Sunday, February 15, 2015

Gaspé Peninsula, Quebec

Executive summary by darmansjah

The 11,714-square-mile (30,340-square-kilometer) Gaspé (Gaspésie) Peninsula is Quebec’s wind-and-sea-sculpted continuation of the Appalachian range. Divided into five natural areas—the Coast, Land's End, the Bay of Chaleur, the Valley, and the Upper Gaspé—the peninsula contains six wildlife sanctuaries, 25 of Quebec’s highest peaks, and four national parks. Remote Bonaventure Island and Percé Rock National Park are the summer nesting home of 250,000 birds and site of legendary Rocher-Percé, the haunting limestone arch rising from the Gulf of St. Lawrence.

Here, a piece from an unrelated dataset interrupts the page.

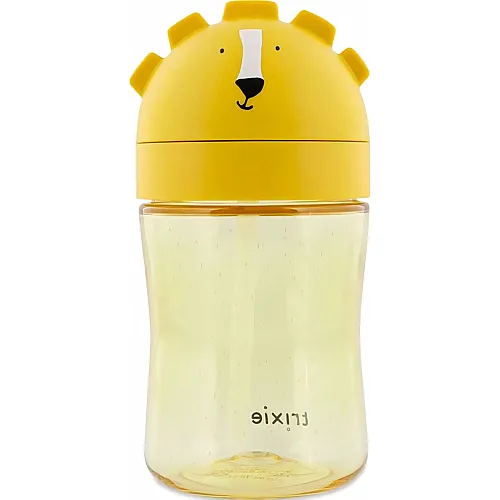 Trixie Trinkbecher mit Strohhalm L�we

Summer (June-September) activities include kayaking, canyoning, hiking, sailing, and horseback riding. Winter on the Gaspé brings every imaginable cold weather adventure from downhill skiing and snowmobiling to ice climbing and dog sledding. Drive the 550-mile (885-kilometer) Grand Tour loop (north or south at the Route 132 split in Sainte-Flavie) for a coastal overview of the peninsula, or choose one of Gaspésie Tourism’scustom routes focused on specialty interests like gardens, lighthouses, or paleontology.